Yes. And also yes. Sweden didn’t get their first shot on goal of the final period until almost halfway through it. It took another nine minutes to get their second. Canada had 16 shots on goal over the same stretch. Sweden’s third shot came with 9.2 seconds left. And it went in. With the goalie pulled and after a high shot came back off the glass, teenager Hilda Svensson batted the puck past Maschmeyer. Tie game. Shots on goal to that point 48-14, Canada.
This is why you have to capitalize on your chances, kids. It’s the second consecutive game in which Canada gave up a lead in the dying seconds, following two American goals in the final 39 seconds on Monday night. They won that one in a shootout.
In the end, the late mistake on Thursday didn’t matter. A three-on-three overtime followed, in which Canada looked like they were skating line rushes, swarming Emma Soderberg in the Swedish net and generating chance after chance.
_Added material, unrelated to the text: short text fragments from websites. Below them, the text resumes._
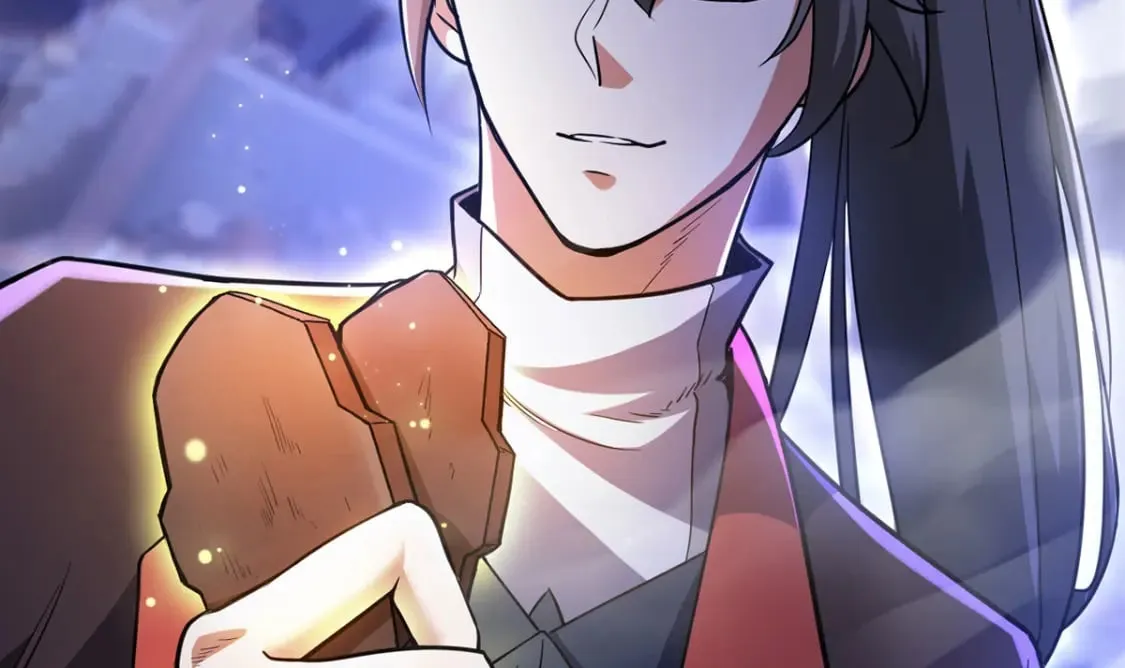 093 获取身份牌 第141页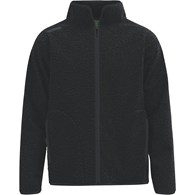2062601 Erima TS Fleece Jacket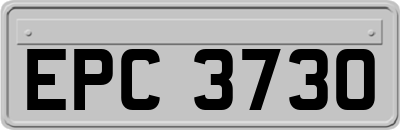 EPC3730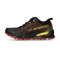 Sapatilha LA SPORTIVA Mutant
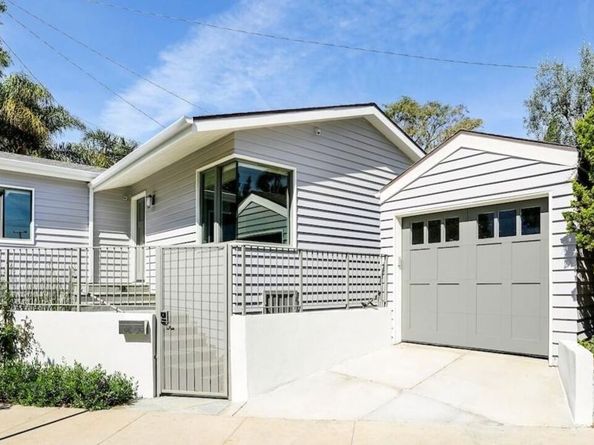 9009 Lloyd Place, West Hollywood CA 90069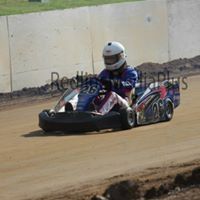 Profile Picture of Jacob Wray (@jacob_wray) on Pinterest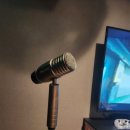 더불러코인노래연습장 이미지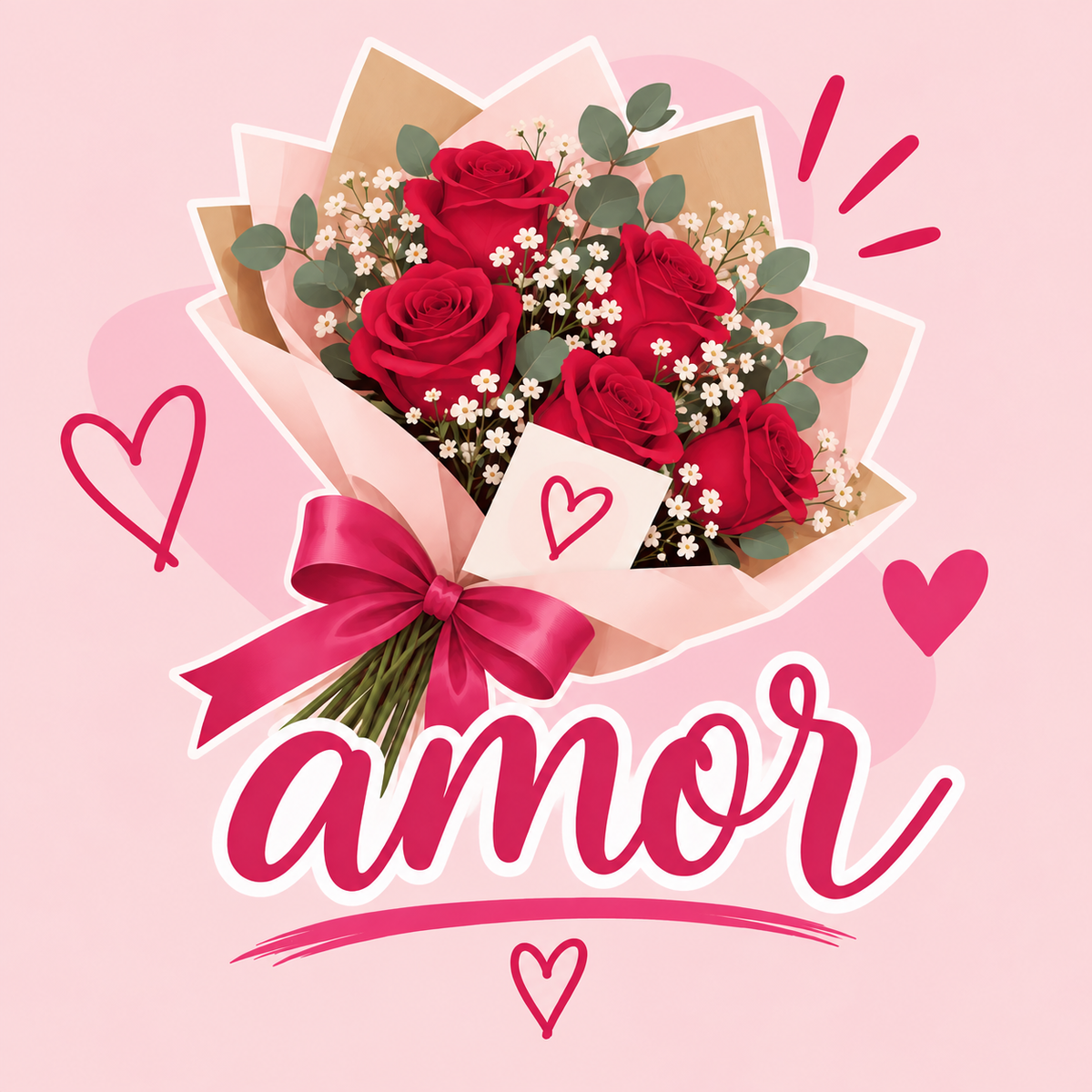 Amor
Sarah Nurse ended things in the fifth minute with a floating wrist shot over the goaltender’s shoulder.
“That was crazy,” Nurse, 28, said of her second goal of the game. “I think we all took a deep breath going into overtime. We wanted to come out and make a statement and win the game.”
The statement was certainly made. Nurse said she almost jumped over the boards three times when the puck was on a Canadian stick and the game looked like it was about to be over, only to see a shot just miss or Soderberg make another of her 54 saves.
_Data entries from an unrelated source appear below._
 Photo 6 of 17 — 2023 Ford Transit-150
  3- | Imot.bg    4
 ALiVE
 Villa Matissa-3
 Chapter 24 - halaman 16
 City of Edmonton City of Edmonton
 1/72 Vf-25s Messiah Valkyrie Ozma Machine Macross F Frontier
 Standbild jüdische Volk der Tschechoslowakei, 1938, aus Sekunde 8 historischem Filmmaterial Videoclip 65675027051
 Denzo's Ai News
“It felt like it was going to come for us,” Nurse said.
Marie-Philip Poulin, the Canadian captain who is no stranger to big goals, said that her team is comfortable playing with just the three skaters, something they have worked on a lot since the format was introduced to international competition five years ago.
“It’s a game of possession in that moment,” she said. “Obviously, we’re very happy with the way we played three-on-three, but we don’t want that to happen again.”
Through this tournament’s preliminary round, the defending champions had proven a couple of things. First, they remained quite similar to the team that had dominated the 2022 calendar, winning their first three games comfortably and then controlling most of the fourth against the United States before a last-second collapse that forced overtime and an eventual shootout win. None of that was surprising, as this is a familiar Team Canada, captained by Poulin and with a pile of returning stars like Brianne Jenner, Sarah Nurse and Sarah Fillier.
But Canada had also displayed one weak spot: a tendency toward slow starts. Their first periods weren’t great, and after every win various players and coach Troy Ryan discussed the need to get their legs under them sooner, or play their game earlier, or assorted other clichés. The problem was particularly notable against the Americans, who had a dominant first 10 minutes and a one-goal lead before the Canadians started dictating more of the play.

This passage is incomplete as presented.